One could say college students are notoriously liberal. It's not carved in stone, but most college students just want to piss off their pro-Republican parents by being Democrats, turning gay, sucking off black dudes, or saying that they want more Mexicans in America. This of course leads to many of these young liberals supporting candidates simply because they tout empty promises of unity and socialism and social justice and whatnot, which means Donald Trump is a major hamper. So, instead of accepting that some people would like this man for president like the average human adult would, they get angry - and anger leads to hatred, hatred leads to sperging, and sperging leads to accusing Trump of creating a dangerous environment at his rallies.
Of course this happened in Chicago, leading to a rally's cancellation:
http://www.nytimes.com/2016/03/12/us/trump-rally-in-chicago-canceled-after-violent-scuffles.html

And it's not just the hoi polloi accusing Trump of being evil; Louis CK, a particularly drab comedian in my opinion, urged people not to support trump because he is literally Hitler:
http://variety.com/2016/tv/news/louis-c-k-donald-trump-insane-bigot-dangerous-1201723679/

Perfect way to win an argument, really; argumentum ad Der Führer's Face - comparing someone's words or actions to Adolf Hitler. However, Trump hasn't done anything wrong yet; Hitler never did anything wrong, so the comparison is kind of moot. That being said, we have this massive orgy of young people getting off on hearing each other compare Trump to Hitler. Even the Boston Globe has thrown out a comparison:
https://www.bostonglobe.com/opinion/2016/04/09/etrump/JPOQJZK9hUBdBx5rdPkWFK/story.html

And reddit has even gone so far as to say a Holocaust survivor was wrong for disagreeing with the Hitler comparisons:
http://archive.md/T5Oni

Now let's get to a point. People who don't like a candidate typically will just say they don't agree with the candidate and move on. Trump protestors take it a step so far beyond it's like a case of rabies. It's so virulent in our politics nowadays that it's actually quite hilarious seeing people akin to AIDS Skrillex listing off reasons that Trump is actually Satan and how Islam is the religion of peace.

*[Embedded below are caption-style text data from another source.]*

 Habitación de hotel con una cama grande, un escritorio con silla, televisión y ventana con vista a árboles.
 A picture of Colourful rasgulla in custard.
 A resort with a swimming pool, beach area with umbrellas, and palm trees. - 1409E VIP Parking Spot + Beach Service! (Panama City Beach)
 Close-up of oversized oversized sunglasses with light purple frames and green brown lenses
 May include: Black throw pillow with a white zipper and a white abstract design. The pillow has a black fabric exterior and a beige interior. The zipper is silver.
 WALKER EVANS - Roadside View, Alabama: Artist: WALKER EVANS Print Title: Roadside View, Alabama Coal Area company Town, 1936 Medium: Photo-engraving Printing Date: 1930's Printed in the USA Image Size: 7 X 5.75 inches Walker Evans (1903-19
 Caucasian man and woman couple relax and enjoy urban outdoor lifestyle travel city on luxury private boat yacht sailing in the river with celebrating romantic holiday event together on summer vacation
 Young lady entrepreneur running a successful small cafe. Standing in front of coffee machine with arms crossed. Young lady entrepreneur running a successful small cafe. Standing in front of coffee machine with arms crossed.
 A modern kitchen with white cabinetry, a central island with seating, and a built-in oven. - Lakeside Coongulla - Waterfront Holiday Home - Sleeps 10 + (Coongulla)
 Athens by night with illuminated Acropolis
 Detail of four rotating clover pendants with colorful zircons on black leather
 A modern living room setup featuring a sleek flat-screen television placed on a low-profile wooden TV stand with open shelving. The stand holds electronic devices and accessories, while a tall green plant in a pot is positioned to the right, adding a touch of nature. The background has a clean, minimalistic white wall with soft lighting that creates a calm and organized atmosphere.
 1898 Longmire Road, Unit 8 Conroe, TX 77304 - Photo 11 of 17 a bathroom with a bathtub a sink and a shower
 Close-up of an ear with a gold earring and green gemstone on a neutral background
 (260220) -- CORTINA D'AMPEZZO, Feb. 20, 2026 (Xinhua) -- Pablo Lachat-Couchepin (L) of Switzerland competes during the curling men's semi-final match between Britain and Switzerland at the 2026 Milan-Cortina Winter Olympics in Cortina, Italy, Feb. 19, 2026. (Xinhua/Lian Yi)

Tl;dr - Anti-Trump crowd is lulzy as shit and is the sole reason why Trump rallies are "dangerous", make fun of them here.


----------



## Xerxes IX (Apr 10, 2016)

Didn't Louis CK make a joke about how he'd rape Hitler? Guess if Trumps LITERALLY HITLER to him he'd fuck Trump too


----------



## Really makes you thunk (Apr 10, 2016)

I'll just leave this here.


----------



## DykesDykesChina (Apr 10, 2016)

Pfff. These guys don't know anything. The only proper way to protest against Trump is to draw him.



Spoiler









http://curtsibling.deviantart.com/art/Megaskank-Mental-Hospital-578338415


----------



## HG 400 (Apr 10, 2016)

Anyone who doesn't support Trump is a lolcow.


----------



## MegasHant (Apr 10, 2016)




----------



## Darwin Watterson (Apr 10, 2016)

I'm tempted to vote for Trump purely to spite the opposition, because they seem to be leagues worse than the supporters.

Say what you will about Trump and his supporters, but there've been _far_ more incidents of those opposed to him getting violent than those supporting him. And then these people go and create the "#SaferThanATrumpRally" hashtag. They're the reason the rallies aren't safe in the first place. It would be like if I shot somebody and then went on Twitter and made some kind of smartass comment about how guns are dangerous.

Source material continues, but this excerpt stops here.